»»
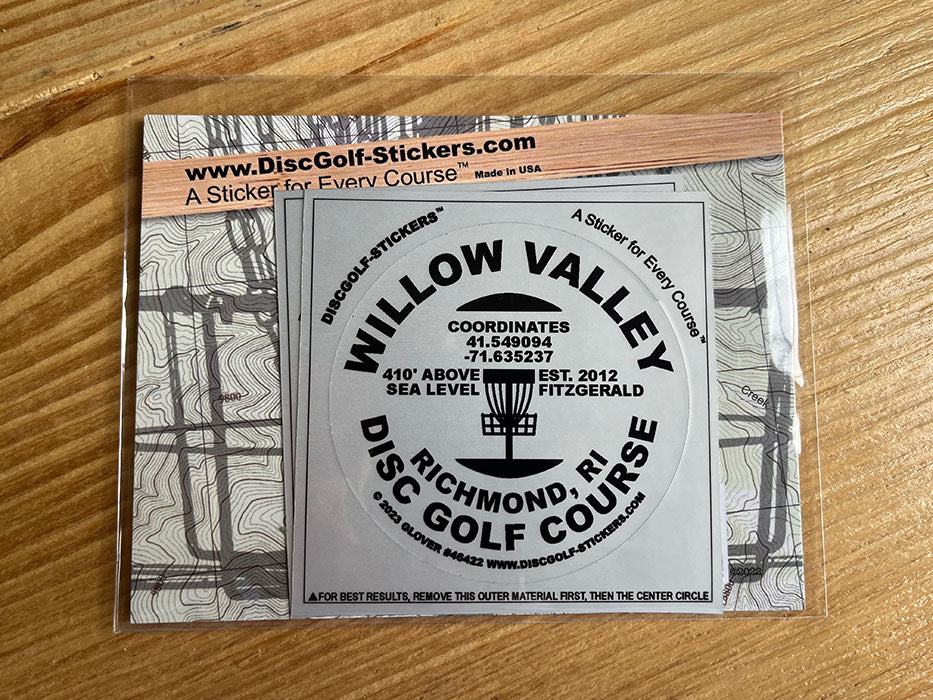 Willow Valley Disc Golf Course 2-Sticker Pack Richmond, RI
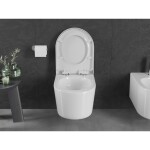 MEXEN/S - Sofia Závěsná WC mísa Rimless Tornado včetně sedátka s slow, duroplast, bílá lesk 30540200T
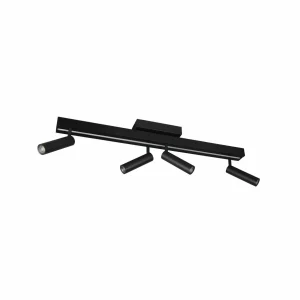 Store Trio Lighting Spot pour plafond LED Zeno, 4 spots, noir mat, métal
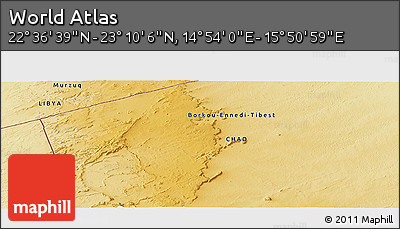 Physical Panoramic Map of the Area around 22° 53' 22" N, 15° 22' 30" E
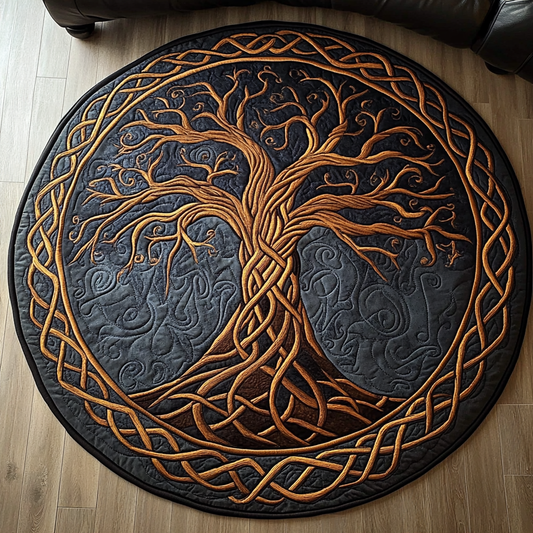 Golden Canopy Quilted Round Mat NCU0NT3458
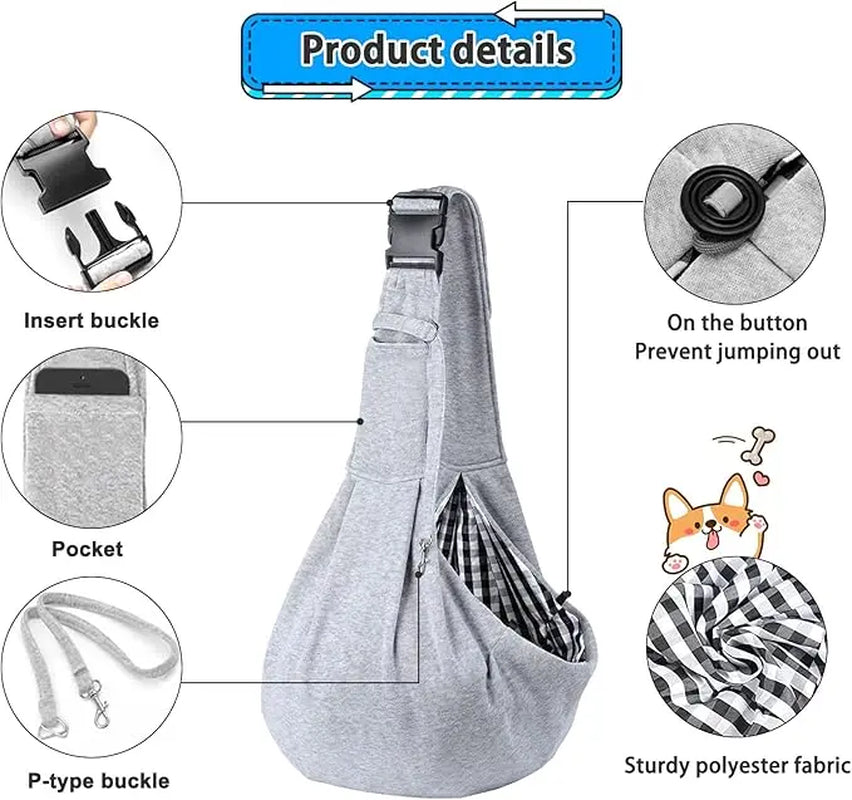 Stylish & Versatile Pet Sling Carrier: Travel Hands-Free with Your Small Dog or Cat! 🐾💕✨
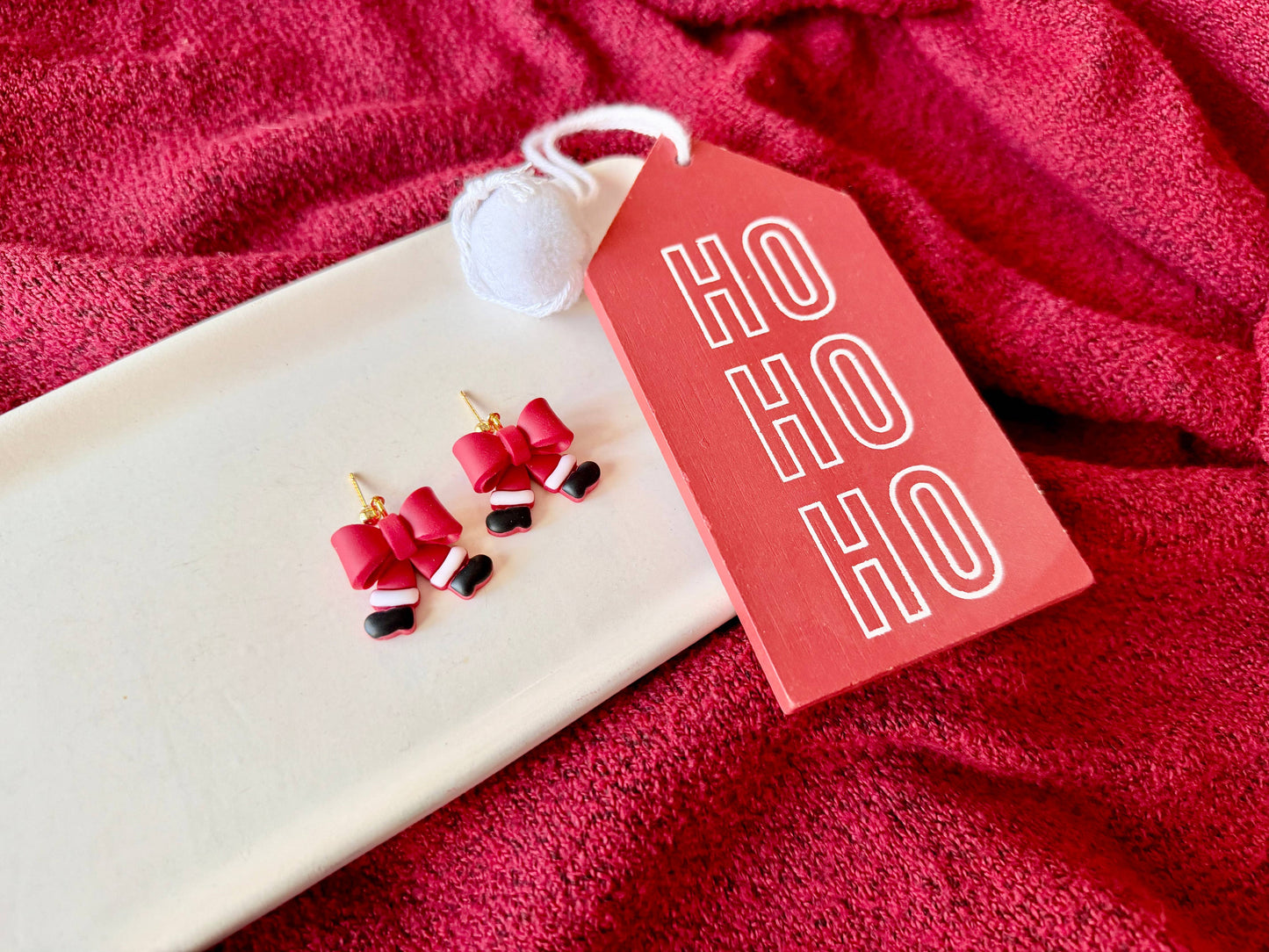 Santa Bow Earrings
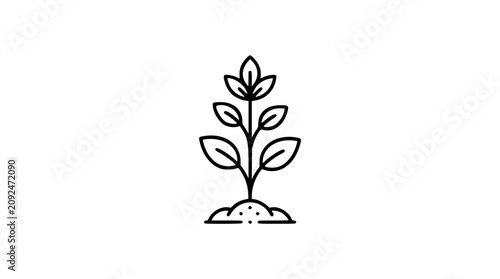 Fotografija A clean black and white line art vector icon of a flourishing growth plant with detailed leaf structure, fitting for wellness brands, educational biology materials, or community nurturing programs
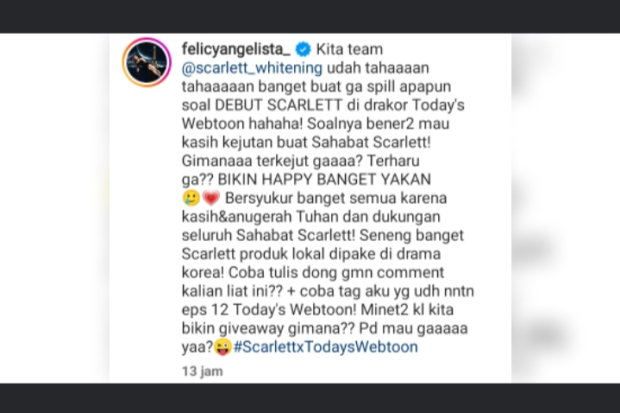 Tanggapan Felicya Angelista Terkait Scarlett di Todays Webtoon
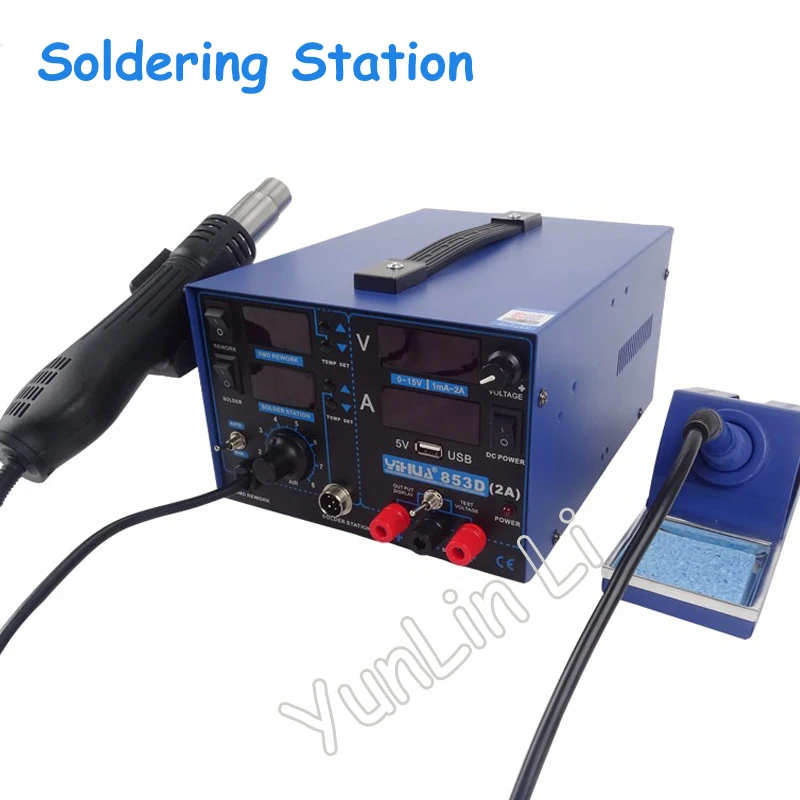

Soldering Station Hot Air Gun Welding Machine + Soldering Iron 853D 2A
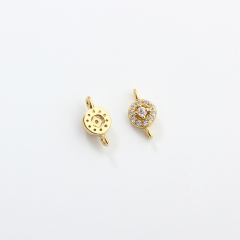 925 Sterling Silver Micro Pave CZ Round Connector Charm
««
### Work required
Although the records above contain pictures, output every line exactly and leave the pictures out.

### Response to the task
 Willow Valley Disc Golf Course 2-Sticker Pack Richmond, RI
 MEXEN/S - Sofia Závěsná WC mísa Rimless Tornado včetně sedátka s slow, duroplast, bílá lesk 30540200T
 Store Trio Lighting Spot pour plafond LED Zeno, 4 spots, noir mat, métal
 Physical Panoramic Map of the Area around 22° 53' 22" N, 15° 22' 30" E
 Golden Canopy Quilted Round Mat NCU0NT3458
 Stylish & Versatile Pet Sling Carrier: Travel Hands-Free with Your Small Dog or Cat! 🐾💕✨
 Santa Bow Earrings
 Fotografija A clean black and white line art vector icon of a flourishing growth plant with detailed leaf structure, fitting for wellness brands, educational biology materials, or community nurturing programs
 Tanggapan Felicya Angelista Terkait Scarlett di Todays Webtoon

Soldering Station Hot Air Gun Welding Machine + Soldering Iron 853D 2A
 925 Sterling Silver Micro Pave CZ Round Connector Charm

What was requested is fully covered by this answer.